- _Your task_: A verbatim repeat of the lines below is required, with the pictures removed.

- _Given information_:
***
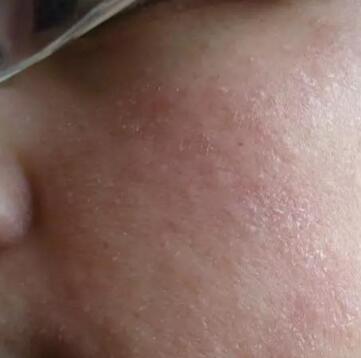 面部总是发红怎么办,面部总是泛红是怎么一回事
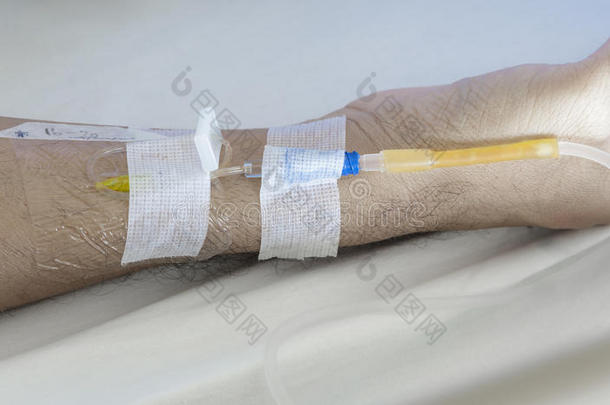病人手臂静脉注射针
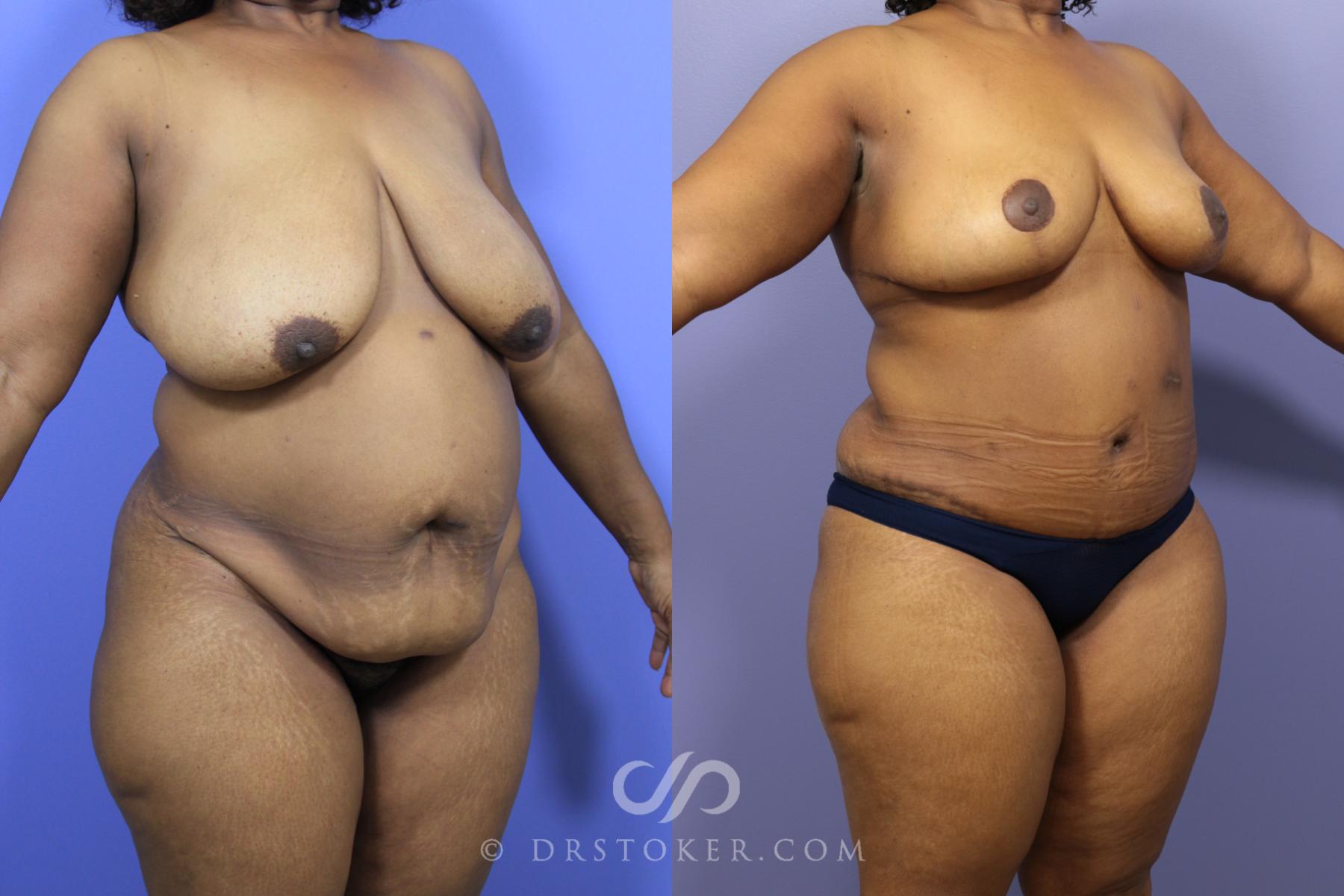 Before & After After Weight Loss Case 1463 View #2 View in Los Angeles, CA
***
- _Final answer_:
 面部总是发红怎么办,面部总是泛红是怎么一回事
病人手臂静脉注射针
 Before & After After Weight Loss Case 1463 View #2 View in Los Angeles, CA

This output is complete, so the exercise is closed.